Add `check_csrf` option to socket transport options #5952

tanguilp · 2024-10-13T16:31:55Z

This PR proposes adding a check_csrf option to Phoenix's socket transport, so as to enable caching Liveview's static rendering.

Context

After releasing plug_http_cache, I was asked if we could use it to cache Liveviews.

After a few experiment, I came with the following PR last year: #5667. Note that in this PR, I didn't follow the proposed approach in the discussion there (prefer being honest here 🙈).

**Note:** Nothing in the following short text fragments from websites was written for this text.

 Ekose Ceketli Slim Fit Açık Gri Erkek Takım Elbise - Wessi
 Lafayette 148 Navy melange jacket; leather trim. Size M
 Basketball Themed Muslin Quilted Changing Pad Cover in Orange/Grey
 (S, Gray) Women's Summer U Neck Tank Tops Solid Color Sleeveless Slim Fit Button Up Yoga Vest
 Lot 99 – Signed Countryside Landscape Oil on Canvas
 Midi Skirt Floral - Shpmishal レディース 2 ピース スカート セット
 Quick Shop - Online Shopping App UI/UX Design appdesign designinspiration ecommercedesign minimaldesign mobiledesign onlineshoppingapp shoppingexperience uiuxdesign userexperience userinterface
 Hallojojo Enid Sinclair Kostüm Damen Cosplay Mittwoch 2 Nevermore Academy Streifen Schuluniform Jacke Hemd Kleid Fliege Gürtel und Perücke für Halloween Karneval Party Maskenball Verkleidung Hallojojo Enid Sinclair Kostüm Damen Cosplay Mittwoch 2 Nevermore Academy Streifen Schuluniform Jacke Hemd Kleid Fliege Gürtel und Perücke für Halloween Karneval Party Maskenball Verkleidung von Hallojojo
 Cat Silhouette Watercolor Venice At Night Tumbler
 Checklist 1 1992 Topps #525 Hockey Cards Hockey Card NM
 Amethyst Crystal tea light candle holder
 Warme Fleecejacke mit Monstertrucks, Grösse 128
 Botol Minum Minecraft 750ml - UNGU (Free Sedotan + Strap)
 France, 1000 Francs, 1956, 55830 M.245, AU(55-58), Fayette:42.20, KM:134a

I took more time to study the different approaches how to implement it this year. I described it in 2 blog posts:

We're talking about caching Liveview's with session enabled. When disabled, caching works OOTB.

Key takeaways are:

there are 2 mechanisms to prevent CSWSH: checking origin and checking a CSRF token
both mechanisms protect against CSWSH. As a consequence using only one is safe
by default Phoenix uses both for websocket & longpoll transports. origin check can be disabled, CSRF check cannot
we can't cache liveviews because the generated pages contain a CSRF token, which is user-specific
we propose instead to enable origin check, and disable the CSRF check
the second article also discusses:
- how to selectively caching some liveviews (opt-in caching)
- a pattern to avoid accidentally cache private data (assign_private, similar to assign_async)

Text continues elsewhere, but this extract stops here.